## What is required
Every line of the listing below from the one with "A white rose" up to and including the one with "Three people sit" should be retyped exactly, and nothing else; pictures are not part of the copy.

## Exercise inputs
'''
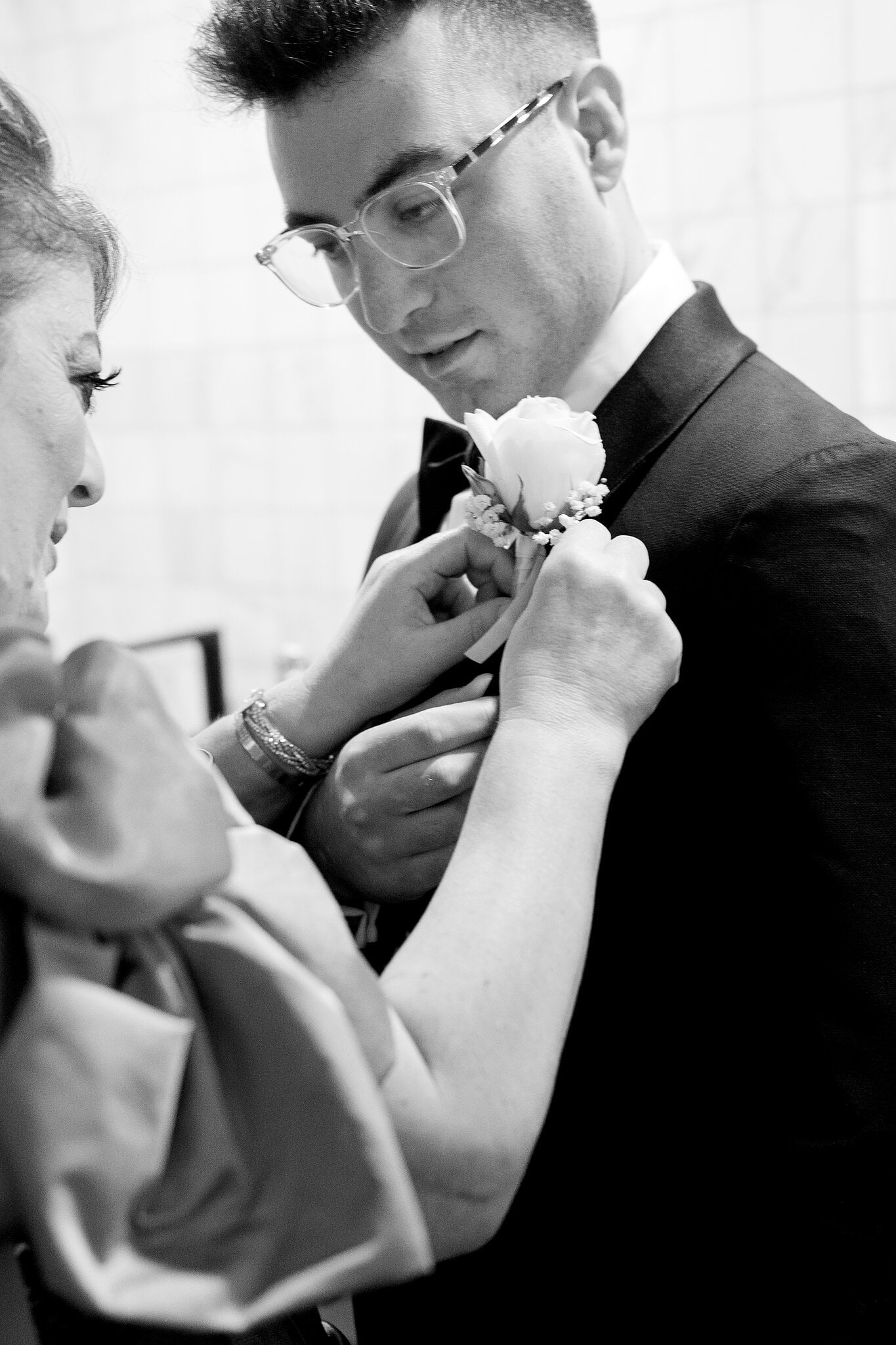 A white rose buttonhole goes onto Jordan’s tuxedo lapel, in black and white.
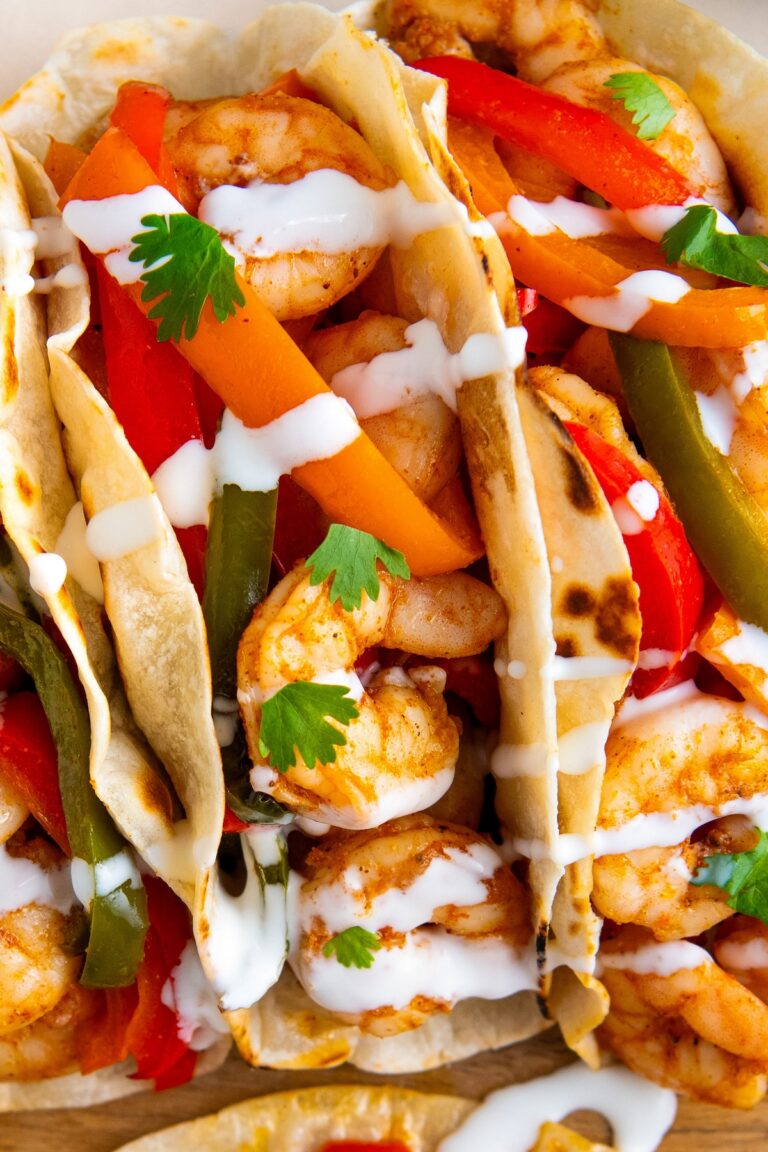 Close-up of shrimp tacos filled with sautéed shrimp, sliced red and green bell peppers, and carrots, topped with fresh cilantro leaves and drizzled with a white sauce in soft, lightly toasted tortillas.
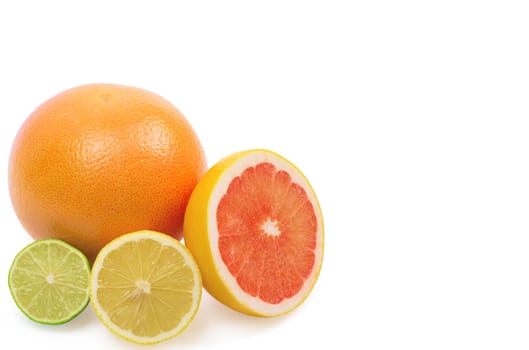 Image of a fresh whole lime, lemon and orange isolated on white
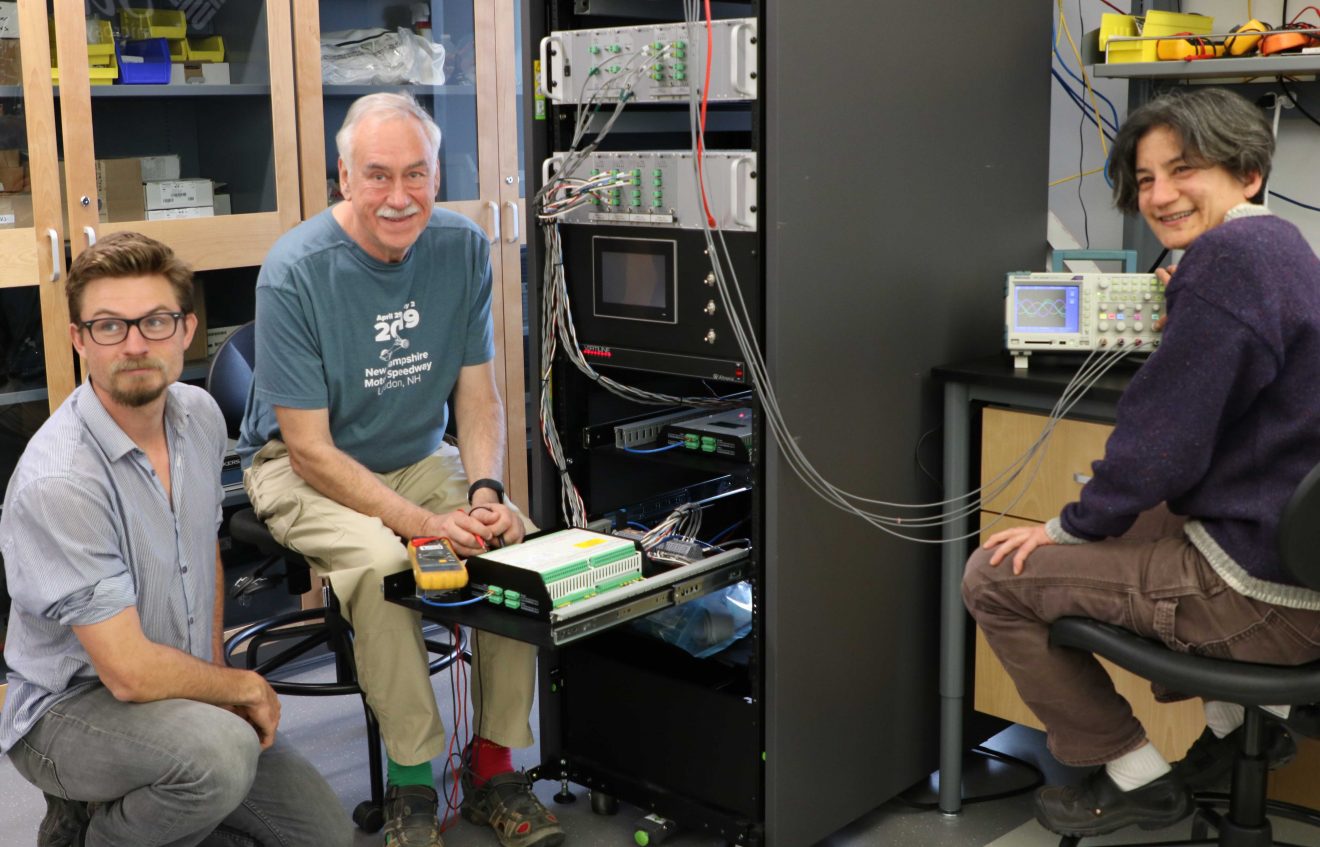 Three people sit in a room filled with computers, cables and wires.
'''
'''
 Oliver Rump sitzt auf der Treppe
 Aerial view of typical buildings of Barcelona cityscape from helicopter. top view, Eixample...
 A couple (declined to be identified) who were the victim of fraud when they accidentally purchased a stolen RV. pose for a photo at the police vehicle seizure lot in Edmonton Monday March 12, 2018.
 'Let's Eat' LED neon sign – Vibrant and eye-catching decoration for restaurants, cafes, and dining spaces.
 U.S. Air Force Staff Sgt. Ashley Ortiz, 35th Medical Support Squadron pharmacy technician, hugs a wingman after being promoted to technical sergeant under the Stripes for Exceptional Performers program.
'''
## Solution to this exercise
 A white rose buttonhole goes onto Jordan’s tuxedo lapel, in black and white.
 Close-up of shrimp tacos filled with sautéed shrimp, sliced red and green bell peppers, and carrots, topped with fresh cilantro leaves and drizzled with a white sauce in soft, lightly toasted tortillas.
 Image of a fresh whole lime, lemon and orange isolated on white
 Three people sit in a room filled with computers, cables and wires.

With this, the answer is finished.